WORK ITEM: Data follows below. Repeat exactly the lines between the line holding "Skechers Παπούτσι Γιά" and the line holding "Load image into", inclusive, and nothing more; drop pictures.

EXERCISE DATA Start Marker

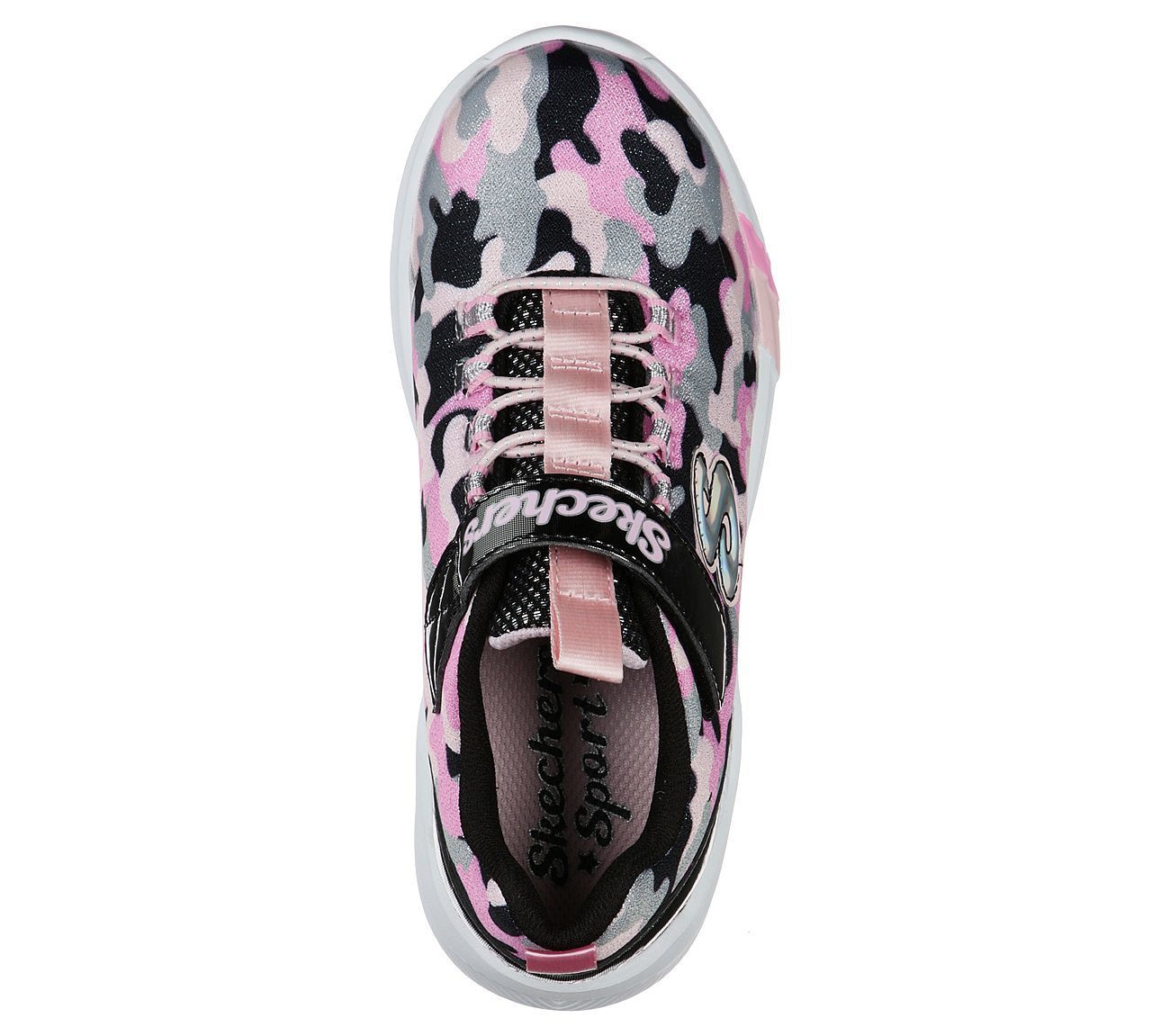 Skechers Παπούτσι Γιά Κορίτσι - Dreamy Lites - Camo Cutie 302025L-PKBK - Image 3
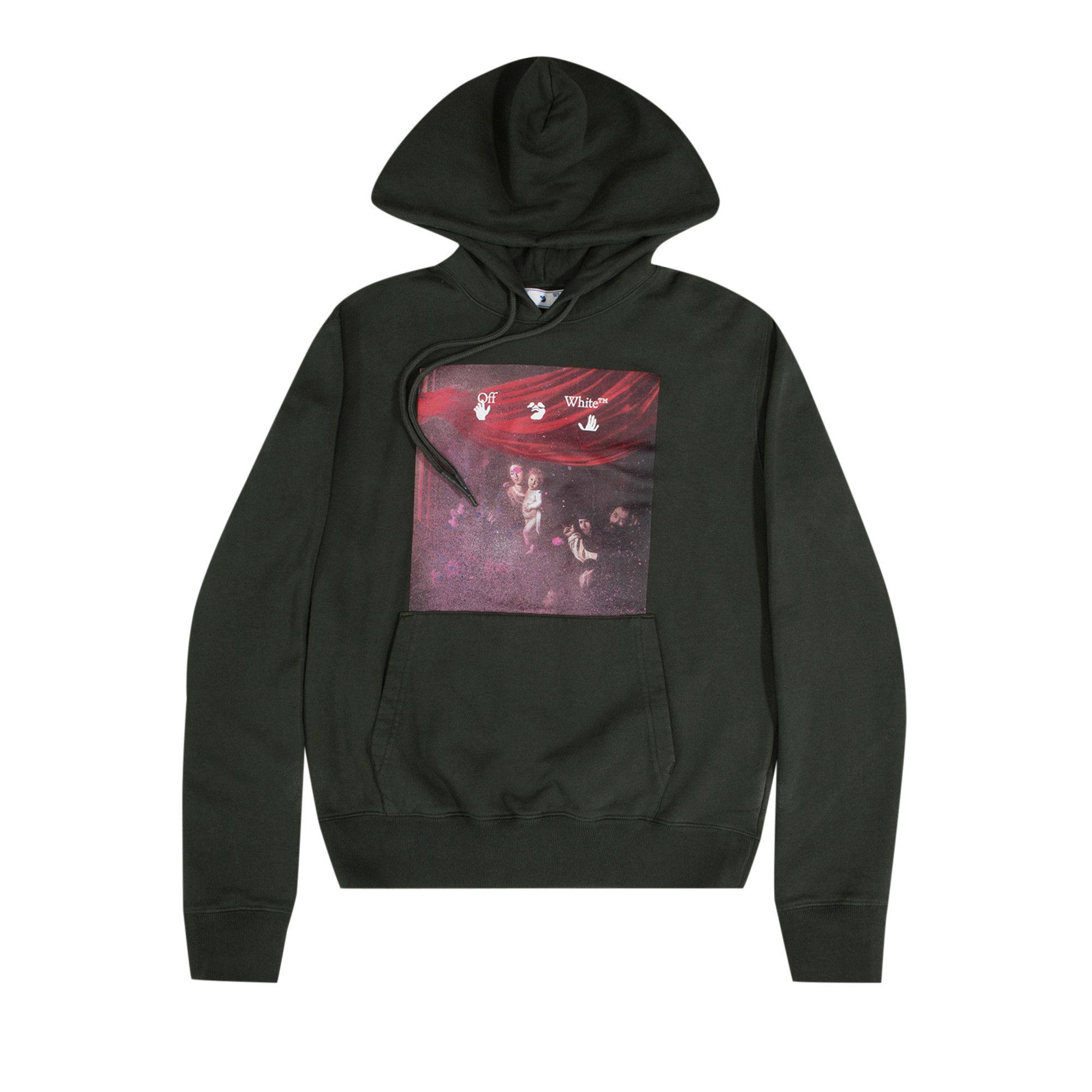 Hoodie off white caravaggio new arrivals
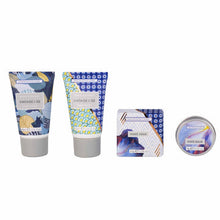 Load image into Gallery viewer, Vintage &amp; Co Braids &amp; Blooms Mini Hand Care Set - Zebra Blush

EXERCISE DATA End Marker
EXERCISE DATA Start Marker

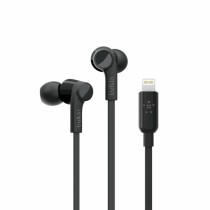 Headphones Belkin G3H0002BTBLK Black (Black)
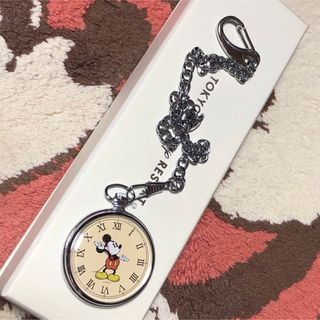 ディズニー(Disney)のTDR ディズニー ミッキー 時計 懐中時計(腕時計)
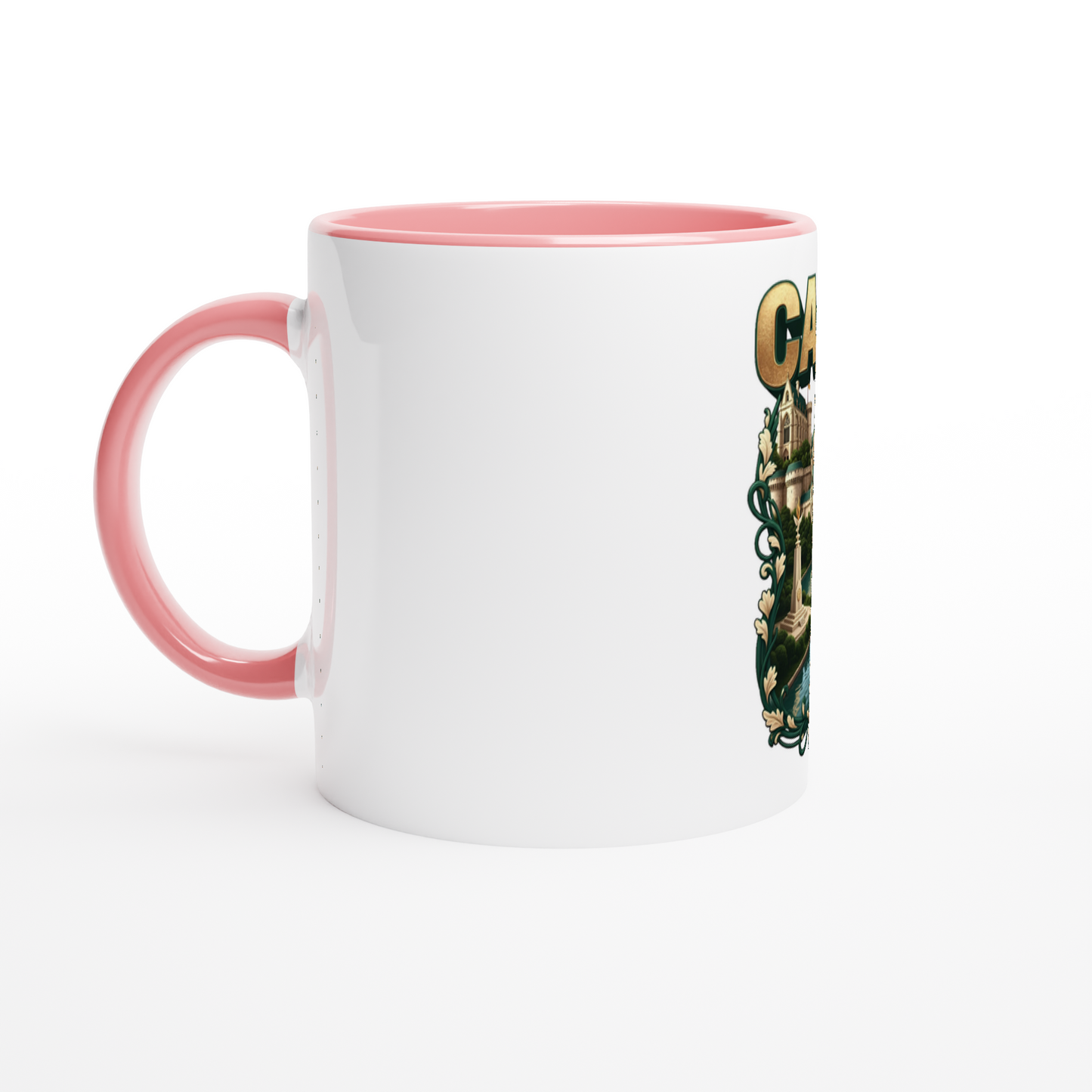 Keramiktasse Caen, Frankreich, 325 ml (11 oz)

EXERCISE DATA End Marker

SOLUTION TO THE EXERCISE:
 Skechers Παπούτσι Γιά Κορίτσι - Dreamy Lites - Camo Cutie 302025L-PKBK - Image 3
 Hoodie off white caravaggio new arrivals
 Load image into Gallery viewer, Vintage &amp; Co Braids &amp; Blooms Mini Hand Care Set - Zebra Blush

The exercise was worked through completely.